INFORMATION SUPPLIED:
━━━━━━
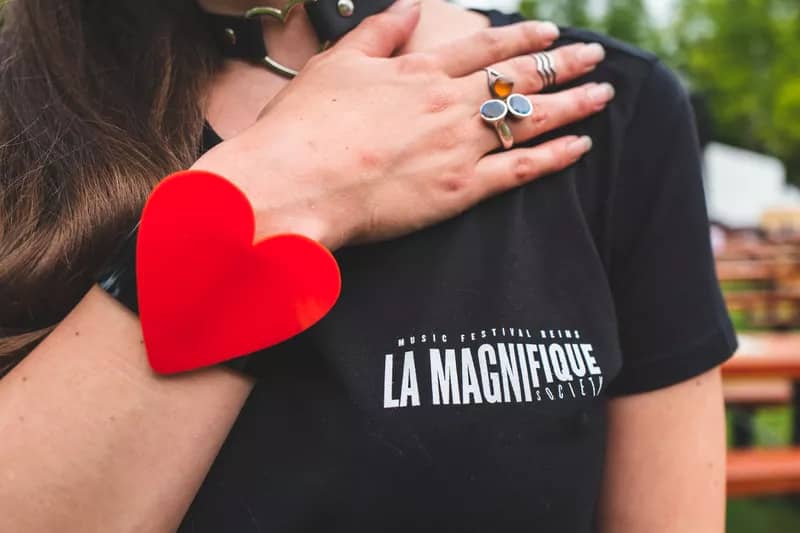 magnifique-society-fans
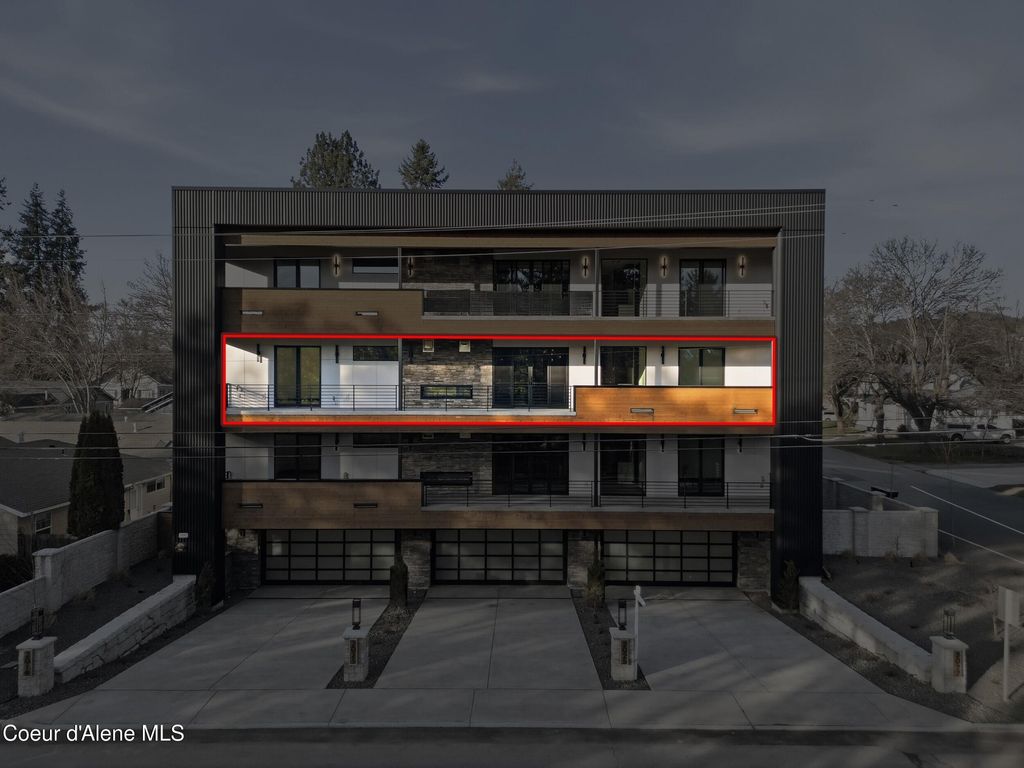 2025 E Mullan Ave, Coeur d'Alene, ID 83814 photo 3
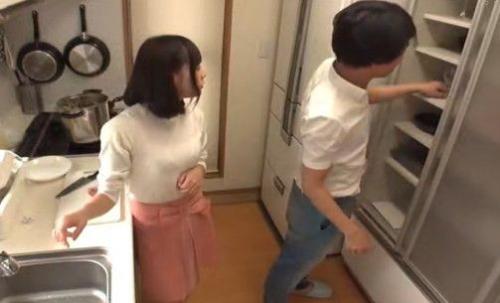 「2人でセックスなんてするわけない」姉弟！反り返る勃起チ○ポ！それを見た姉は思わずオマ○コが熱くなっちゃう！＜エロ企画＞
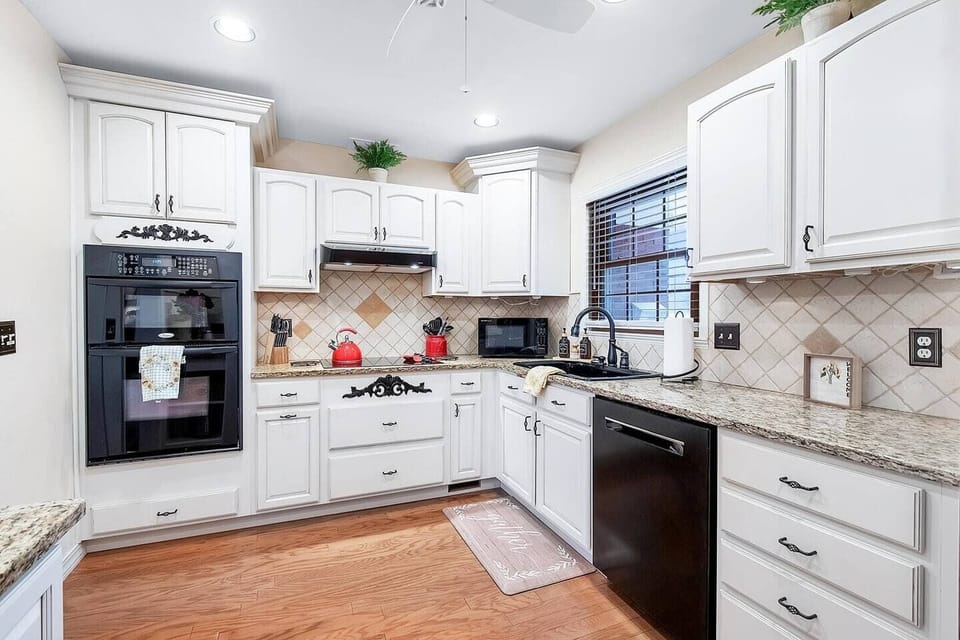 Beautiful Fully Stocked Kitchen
━━━━━━
WORK ORDER: Would you retype each line above exactly and skip every image?

ANSWER BELOW:
 magnifique-society-fans
 2025 E Mullan Ave, Coeur d'Alene, ID 83814 photo 3
 「2人でセックスなんてするわけない」姉弟！反り返る勃起チ○ポ！それを見た姉は思わずオマ○コが熱くなっちゃう！＜エロ企画＞
 Beautiful Fully Stocked Kitchen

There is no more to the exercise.